When someone searches "bakery near me" or "plumber in Lyon", Google first shows a map with three businesses. Appearing in that trio means capturing customers ready to buy, right now, near you. That's local SEO, and it's often more profitable than classic SEO for a shop or tradesperson.
The centrepiece: your business profile
Even before your site, it's your Google Business Profile (formerly Google My Business) that decides your presence on the map. A complete, active profile makes a huge difference:
- Precise category, up-to-date hours, phone, website, service area.
- Recent, quality photos.
- Regular posts (offers, updates).
A neglected profile, and you vanish in favour of the competitor whose profile is alive and well.
Reviews: your best argument
Customer reviews carry weight, both in ranking and in people's decisions. A few simple principles:
- Ask for them: most satisfied customers leave a review if you ask at the right moment.
- Reply to them, the positive and the negative alike. A measured reply to a mixed review reassures future customers.

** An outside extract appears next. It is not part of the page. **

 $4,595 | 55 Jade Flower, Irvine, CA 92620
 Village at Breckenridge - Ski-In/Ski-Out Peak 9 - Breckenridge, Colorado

- Consistency matters more than a one-off spike.
What your site should tell Google
Your site reinforces the local signal. Three useful things:
- A clear contact page with address, phone and ideally a map.
- Structured data of the "LocalBusiness" type that describes your business to Google (you can generate it with our JSON-LD generator).
- Locally anchored content: mention your towns, your neighbourhoods, your service areas, naturally.
What if you cover several towns?
A common mistake: a single catch-all page listing twenty towns. Better to have dedicated, useful pages per area you genuinely serve, with content specific to each, rather than near-identical pages that Google will treat as filler.
In short
Local SEO rests on a tripod: a lively business profile, well-maintained reviews, and a consistent site that confirms your local presence. Kept up well, these three levers put you where your customers are looking: right at the top, on the map.